First I tried to see if there was a way I could solve the challenge dynamically by using tools like ltrace and gdb. According to my opinion it’s always easier to solve CTF challenges with dynamic analysis instead of going through each line of code. Unless it’s absolutely necessary I always begin with dynamic analysis. Dynamic analysis entails running the program though a debugger (gdb of course is my favorite ) and using breakpoint and passing input see how the program responds. The program am running in my current context is a binary I trust if you have any doubts on a binary you are analyzing it’s always recommended that you run it in an isolated sandboxed environment like a VM.

First i executed the binary without a debugger just to see what happens

Looking at the screenshot above the application asks me to enter some characters using stdin and compares it to some value in registers and if they match i should probably get correct instead of wrong.

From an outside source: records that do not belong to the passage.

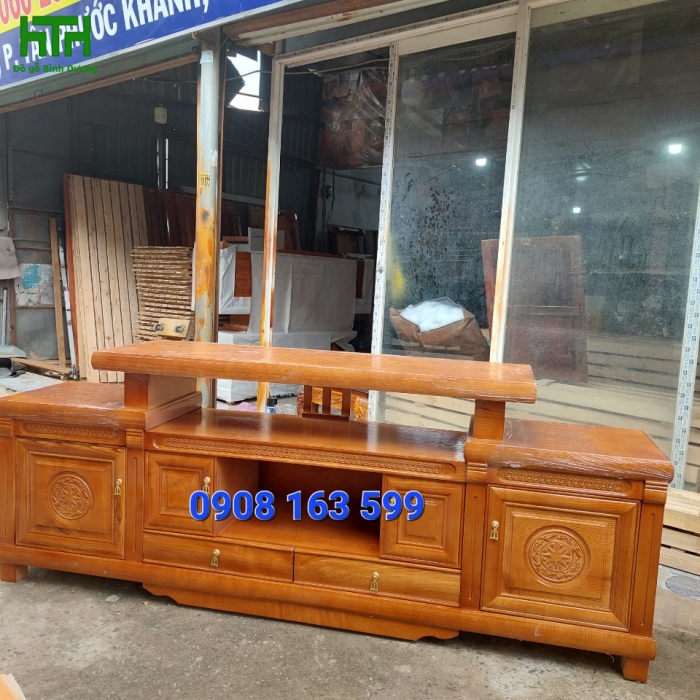 KỆ TI VI GỖ SỒI 2M MẪU ĐÀI LOAN 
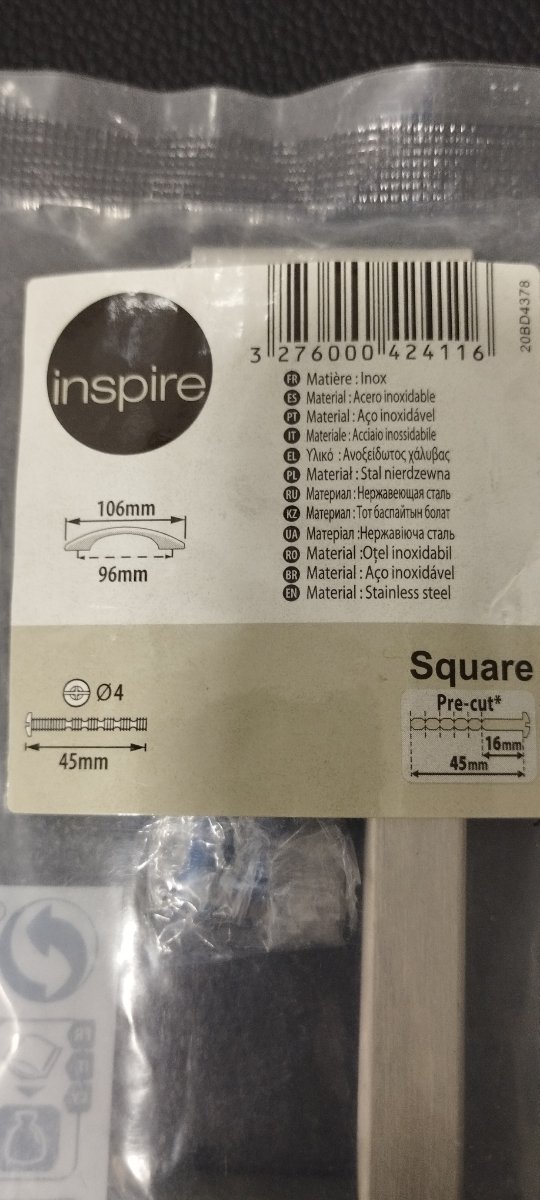 2 tiradores de acero nuevos inspire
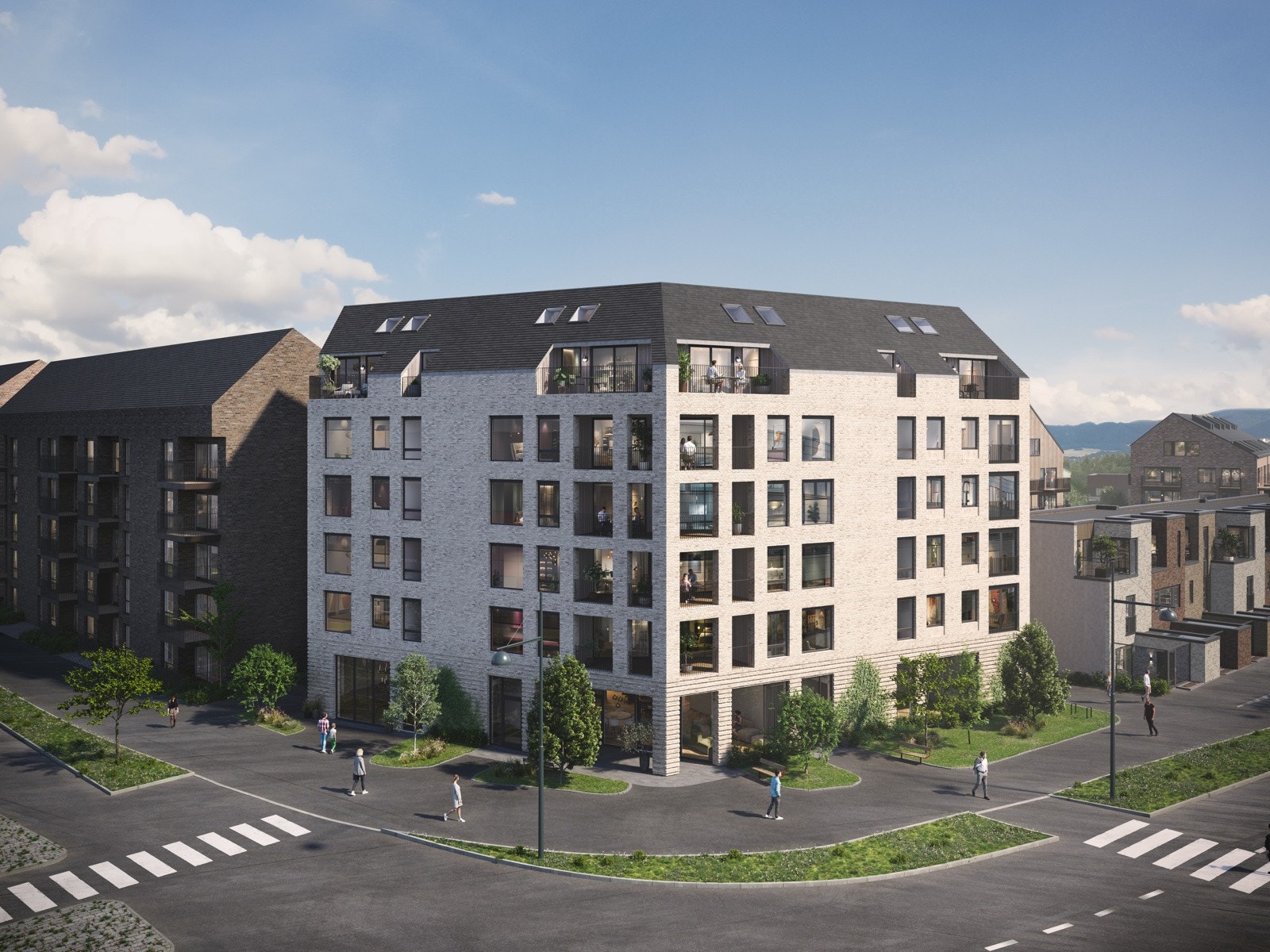 I Knutepunktet har man tilgang til Lounge, selskapsrom, gjesterom og treningsrom i 1 etg. Illustrasjon avvik vil forekomme. Galleribilde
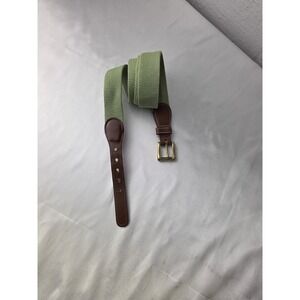 Dooney and Bourke Green Canvas and Brown Leather Belt Size 40 Made In USA Vtg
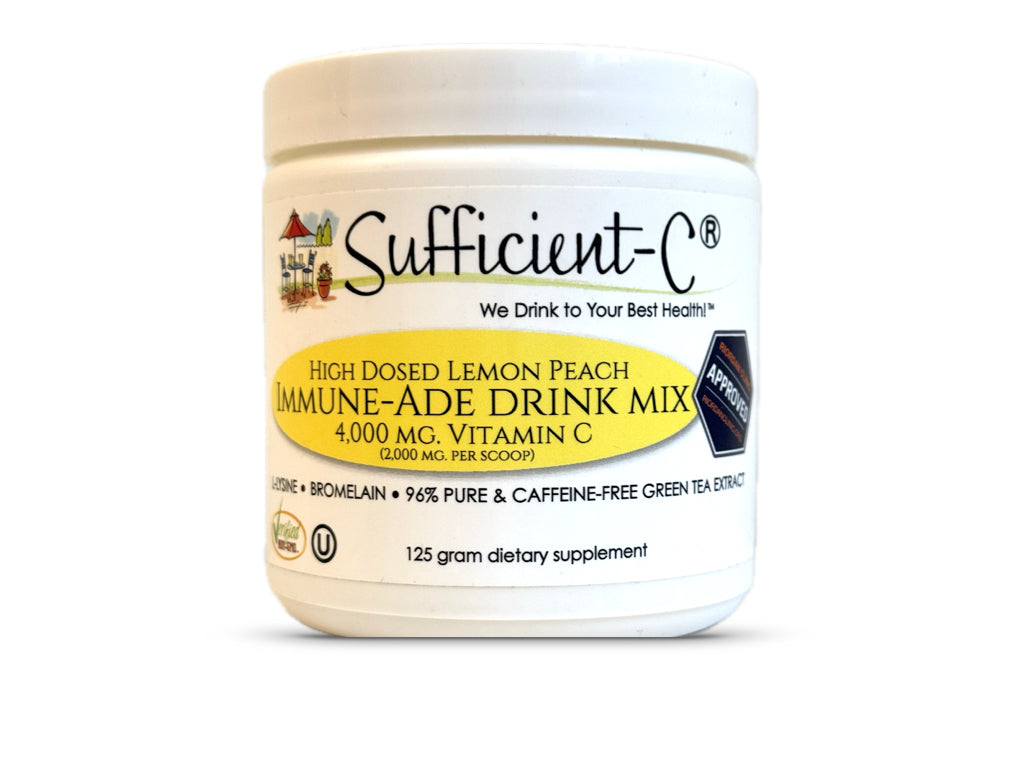 Sufficient-C® High Dose Vitamin C Lemon Peach Immune-Ade drink mix - 125 gram size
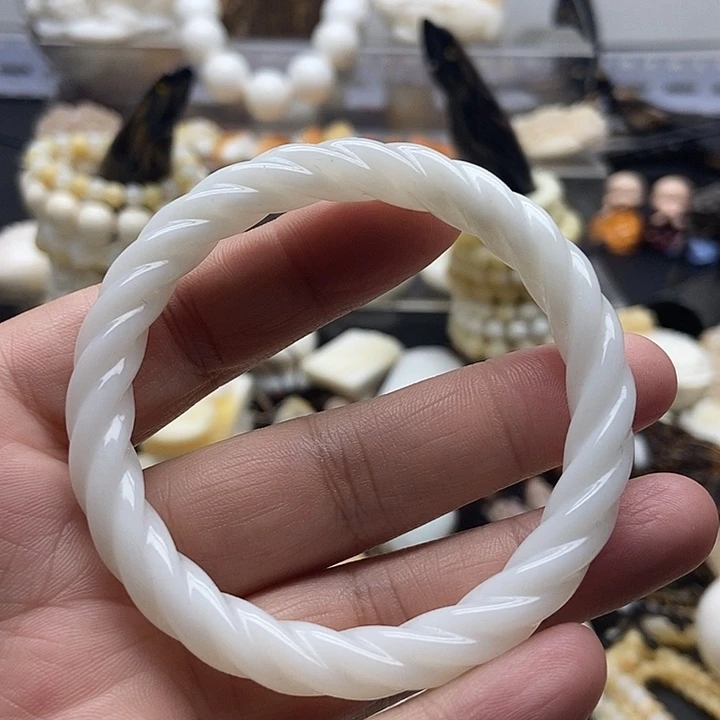 非金属贝壳贝雅轩工艺品玉化麻花手镯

Given the binary we are analyzing has debugging symbols present(not stripped) I just decide to run it in gdb debugger using the command

gdb ./bad_timing

In my instance I have gef installed since it makes the debugging process much simpler

First thing i added was a breakpoint in main. This will be the place where the program will pause before continuing

Then ran the program. When it reached the main function it stopped.

Next I disassembled main function of the program and the cmp call looked interesting given the fact that it comes after a scanf() function (our user input).

I decided to create a second breakpoint at that specific memory address

Then continued through the execution of the program.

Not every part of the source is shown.